С другой стороны, в текстах Левкина встречаются случаи намеренной инкорпорации чужой речи, маскировки ее под свою. Имеется в виду отрывок из стихотворения Елены Фанайловой “Пишешь Вальмону письмо: Вальмон…” [9], переписанный Левкиным без кавычек в виде прозаического абзаца и включенный в текст повести “Междуцарствие” без каких-либо указаний и ссылок. Чужая речь здесь опознается только ритмически, поскольку фрагмент все же сохраняет ритм дольника и сильно отличается от остального текста. Тем не менее отрывок вполне органично смотрится в “Междуцарствии”, почти не вызывая вопросов. Читателю предлагается воспринимать авторство как некий “лейбл”, который можно распространить на любое слово с помощью чисто механической акции называния: “автор этого текста — А. Левкин”.
Левкин обнажает автоматизм читательской реакции на текст, одновременно стремясь уйти от этого автоматизма. Поэтому текст для него никогда не бывает по-настоящему законченным, завершенным; это всегда процесс, движение, поиск, “нащупывание” ускользающего смысла, постоянное усилие, направленное на обретение собственного голоса в потоке чужих голосов, на отделение “себя” от “других”. В этом смысле конечным результатом — вряд ли достижимым — должен стать некий “собственный голос” — личный монолог автора, несводимый к корпусу написанных им текстов, существующий вне книги, разворачивающийся за пределами слов. Автор, стремящийся к такому виду письма, отделяется и от читателя, и от собственного текста, то есть как бы перестает быть автором и становится просто человеком, — может быть, реализуя тем самым неосознанную мечту любого пишущего субъекта — мечту о свободе от слов. Или о свободе слова.
Юлия Идлис
1) Интервью Андрея Левкина Дмитрию Бавильскому на сайте литературно-философского журнала “Топос” (http:// www.topos.ru/article/1322. Размещено 1 июля 2003 г.).
2) Там же.
3) Здесь — сознательное упрощение. В действительности механизм восприятия кинокадра устроен еще сложнее: зритель ассоциирует себя с камерой, потому что “смотрит” как бы ее глазами; однако при реверсивном зрении, о котором здесь говорится, взгляд зрителя не только обращается “вспять”, от кадра к зрителю, но и диссоциирует зрителя и камеру, обнаруживает последнюю как отдельного наблюдающего субъекта. Это видно, например, в кадрах, маркированных как “чья-то точка зрения” (такая съемка в киноведении часто называется “субъективная камера”), когда, скажем, картинка “скачет”, потому что увидена глазами бегущего персонажа, а зритель в это время находится в покое.

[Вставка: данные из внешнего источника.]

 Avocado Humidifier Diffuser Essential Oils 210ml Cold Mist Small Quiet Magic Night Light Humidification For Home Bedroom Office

4) http://www.topos.ru/article/1322.
5) Там же.
6) Здесь не место говорить о поэтике концептуализма, которая различна у Всеволода Некрасова, Д.А. Пригова, Льва Рубинштейна или Андрея Монастырского. О концептуализме существует много работ, и мы позволим себе отослать читателя к ним за более подробными обсуждениями.

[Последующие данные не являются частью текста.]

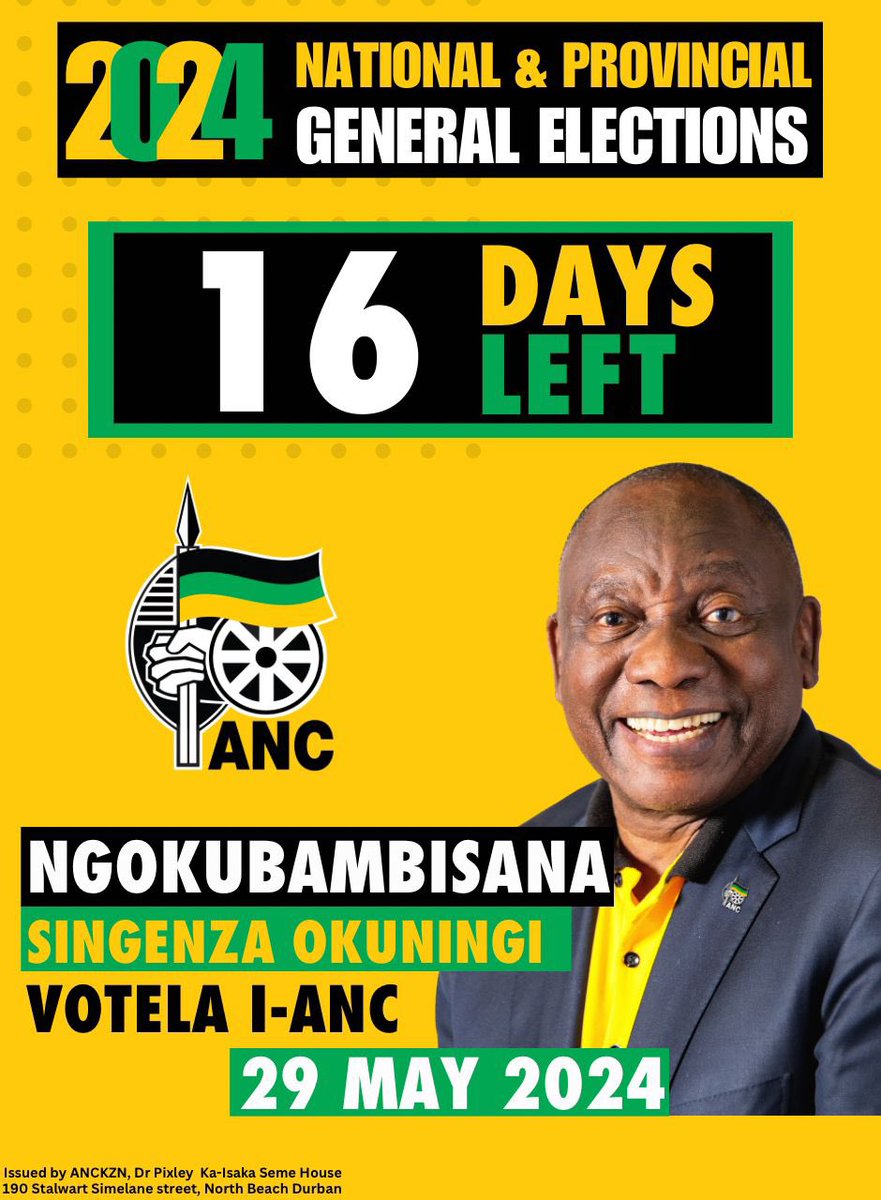 16 Days to go until the 2024 National and Provincial Elections on the 29th of May 2024! 1st Ballot: #VoteANC ❎ 2nd Ballot: #VoteANC ❎ 3rd Ballot: #VoteANC ❎ #VoteANC2024 #LetsDoMoreTogether ⚫️🟢🟡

7) Что, вероятно, отсылает к названию фильма Федерико Феллини 1983 года “Корабль плывет”, в советском прокате — “И корабль плывет”.
8) Этот прием первым — и с той же целью остранения — применил в русской прозе Леонид Добычин в повести “Город Эн”. Заметим, что текст этот после полувекового насильственного забвения был опубликован в 1989 году в рижском журнале “Родник”, а главным редактором этого журнала (и, вероятно, инициатором републикации) был Андрей Левкин.
9) Из книги “С особым цинизмом” (М., 2000), цикл “Русский альбом”.